• WORK REQUEST:
Return the listing below exactly as it stands. Pictures stay out.

• STUDY MATERIAL:
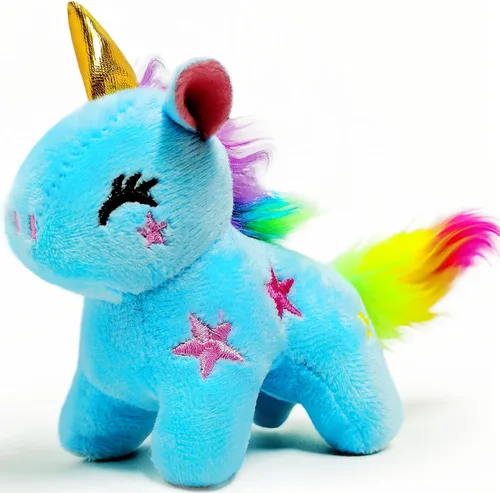Kawaite Animales de peluche de unicornio azul para niños y adultos, mini llavero de peluche, peluche de unicornios, animal de peluche suave y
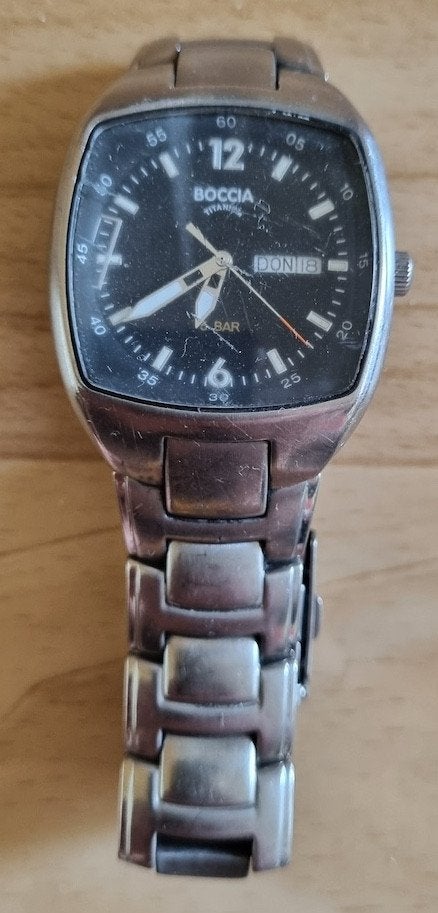 Boccia Titanium quartz herenhorloge., Sieraden, Tassen en Uiterlijk, Overige merken, Staal, Met bandje, Polshorloge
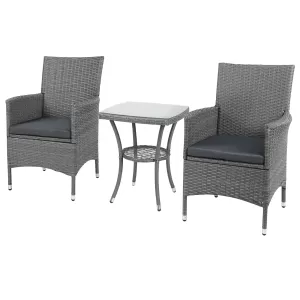 Image of Outsunny 3pc Rattan Coffee Set-Grey
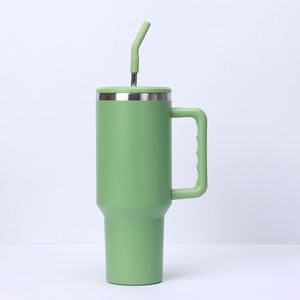 Vaso Térmico Personalizado al por Mayor de 40 oz, Botella de Acero Inoxidable con Aislamiento al Vacío 2 en 1, Taza para Café y Hielo para Coche con Asa y Popote - Product Image 6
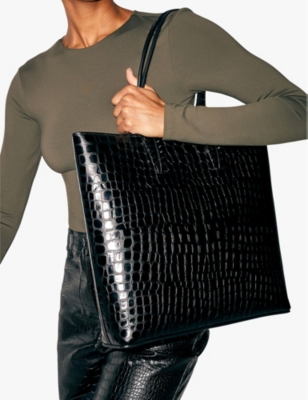 CHRISTIAN LOUBOUTIN: Cabata croc-effect patent-leather tote bag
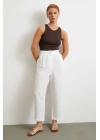 Çift Pileli Keten Pantolon Krem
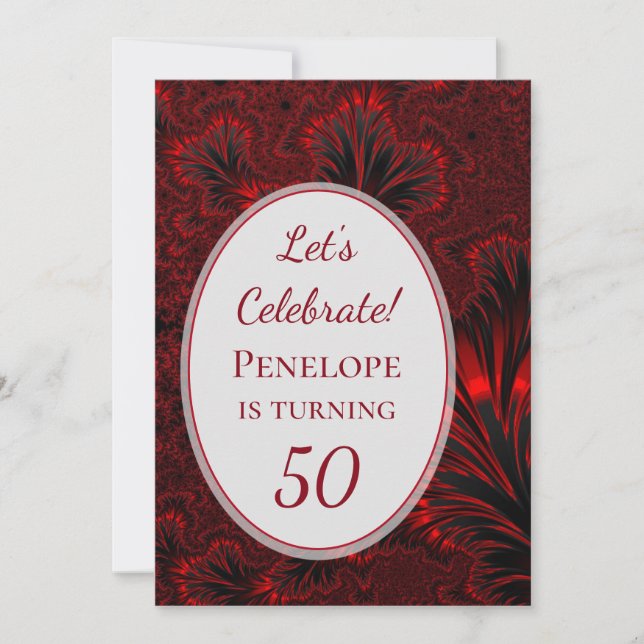 Invitation Fabuleux 50 Glamour rouge brillant fractal Anniver (Devant)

• SOLUTION FOR THIS TASK:
Kawaite Animales de peluche de unicornio azul para niños y adultos, mini llavero de peluche, peluche de unicornios, animal de peluche suave y
 Boccia Titanium quartz herenhorloge., Sieraden, Tassen en Uiterlijk, Overige merken, Staal, Met bandje, Polshorloge
 Image of Outsunny 3pc Rattan Coffee Set-Grey
 Vaso Térmico Personalizado al por Mayor de 40 oz, Botella de Acero Inoxidable con Aislamiento al Vacío 2 en 1, Taza para Café y Hielo para Coche con Asa y Popote - Product Image 6
 CHRISTIAN LOUBOUTIN: Cabata croc-effect patent-leather tote bag
 Çift Pileli Keten Pantolon Krem
 Invitation Fabuleux 50 Glamour rouge brillant fractal Anniver (Devant)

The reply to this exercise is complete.